# Habt ihr damit Erfahrungen gemacht: Teichpumpe 6000l/h ?



## sebastianb (27. März 2011)

Hallo,

mal wieder so ein " kennt ihr das " Thread,

aber ich hoffe, ihr könnt mir helfen, habt ihr damit : http://cgi.ebay.de/Teichpumpe-6000l-h-UVC-Gerat-Teichfilter-Shop-/370425366863?pt=Pumpen&hash=item563f12894f schon Erfahrungen gesammelt, klingt auf den ersten Blick ja nicht schlecht oder ?!

... sebastian


----------



## scholzi (27. März 2011)

*AW: Habt ihr dsamit Erfahrungen gemacht*

Hi Sebastian....
Die Pumpe schluckt einfach zu viel Strom 95 Watt
vergleichbare Pumpen 50-55 Watt....!
Sprich, du gibst pro Teichsaison ca. 50-60€ mehr für Strom aus..!
Hier mal eine zB. ECO Pumpe mit 6000 L und 55 Watt
http://www.gartentotal.de/product_info.php?products_id=3135


----------



## sebastianb (27. März 2011)

*AW: Habt ihr dsamit Erfahrungen gemacht*

Hey danke, genau diese Antworten habe ich mir erhofft, allerdings spricht hier der Anschaffungspreis auch ein Wörtchen mit. 

Also sind 95 Watt für 6000l pro Stunde zu viel ?
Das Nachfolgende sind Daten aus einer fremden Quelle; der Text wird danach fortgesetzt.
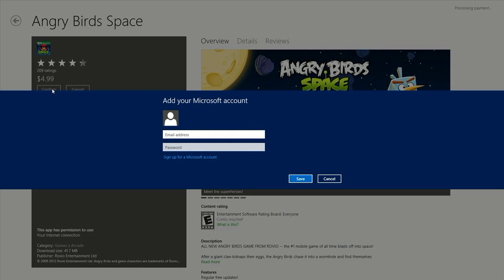Now you do need a Microsoft account to buy any app from the Windows Store. And actually, to really get the best experience with Windows 8, you want to set up a Microsoft account anyway, because it's something that's going to come up in various applications.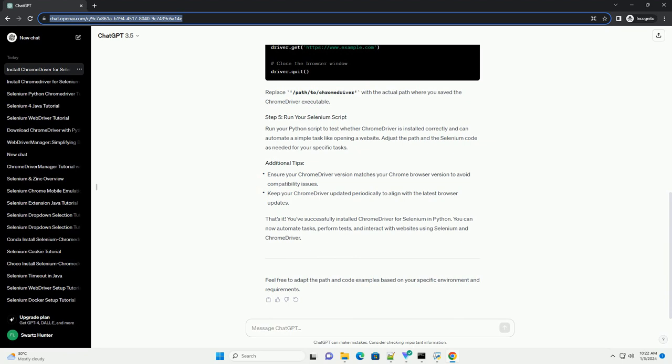You can now automate tasks, perform tests, and interact with websites using Selenium and Chrome Driver. Feel free to adapt the path and code examples based on your specific environment and requirements.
Sorry für die Frage, ich bin auf dem Gebiet noch Anfänger.

... sebastian


----------



## scholzi (27. März 2011)

*AW: Habt ihr dsamit Erfahrungen gemacht*

so kann man das sagen und der Strom wird nicht billiger 
Das ist eigentlich eine Pumpe für Wasserspiele und nur bedingt als Filterpumpe geeignet!
Sie hat kein großes Gehäuse und wird sich schnell zusetzen...!(die 5 Schlitze sind im Nu zu)


----------



## RKurzhals (27. März 2011)

*AW: Habt ihr dsamit Erfahrungen gemacht*

Hallo Sebastian,
Deine Frage kann ich in diesem Falle mit Ja beantworten! Eine gute Faustformel sind etwa 10W leistung auf 1 m³/h. Eine Billigpumpe (~100,-€) sollte für max. 6 m³/h unter 100W elektrische Leistung verbrauchen. Alternativ gibt es teure Markenmodelle ab 300,-€, die deutlich <100W (bis etwa 60W) benötigen, aber mit verlängerter Herstellergarantie, und u. U. schneller Austauschgarantie (Oase, Red Devil, usw. usf.). 
Schau' einfach mal bei einem der Teichversand- (bzw. Koi-) Händler Deiner Wahl vor Ort oder im Netz vorbei, und Du findest ein Modell.


----------



## sebastianb (29. März 2011)

*AW: Habt ihr damit Erfahrungen gemacht*

Ok, danke für die ausführliche Erklärung, ich werde mich also jetzt nach etwas Stromsparenderen umsehen.

... sebastian


----------



## robsig12 (29. März 2011)

*AW: Habt ihr damit Erfahrungen gemacht: Teichpumpe 6000l/h ?*

Such mal im Netz nach "Schwarzer Flunder" Handelt sich hier um Oasenachbauten, die meiner Meinung nach für den Preis eine gute Leistung erbringen. Davon kann man sich auch mal für den Fall der Fälle eine Ersatzpumpe in den Keller legen.


----------



## karsten. (29. März 2011)

*AW: Habt ihr damit Erfahrungen gemacht: Teichpumpe 6000l/h ?*

Hallo liebe kleine Chinesen

ich weiß ja nicht ob Ihr das hier auch lest 

aber irgendwie seid ihr peinlich !

bei und gibbets es 5 Jahre Garantie 
für die Messner MPF 6000 !

und die vielen lustigen Zeichen auf dem Karton sind nicht zur Zierde und haben auch nichts mit Eurem Tierkreiszeichen zu tun 

 
mfG


----------



## S.Reiner (29. März 2011)

*AW: Habt ihr damit Erfahrungen gemacht: Teichpumpe 6000l/h ?*

He Leute genau Diese Pumpe habe ich und die ist für das Geld doch Gut meine Werte des Strommessers zeigen da bei vollem Betrieb 72 Watt an .Ich bin mit der Pumpe Zufrieden na ja ist wohl Ansichtssache :? gruss Reiner . ( Beschreibung

Die Pumpen erfüllen alle erforderlichen Normen und sind mit dem TÜV und CE-Label ausgestattet.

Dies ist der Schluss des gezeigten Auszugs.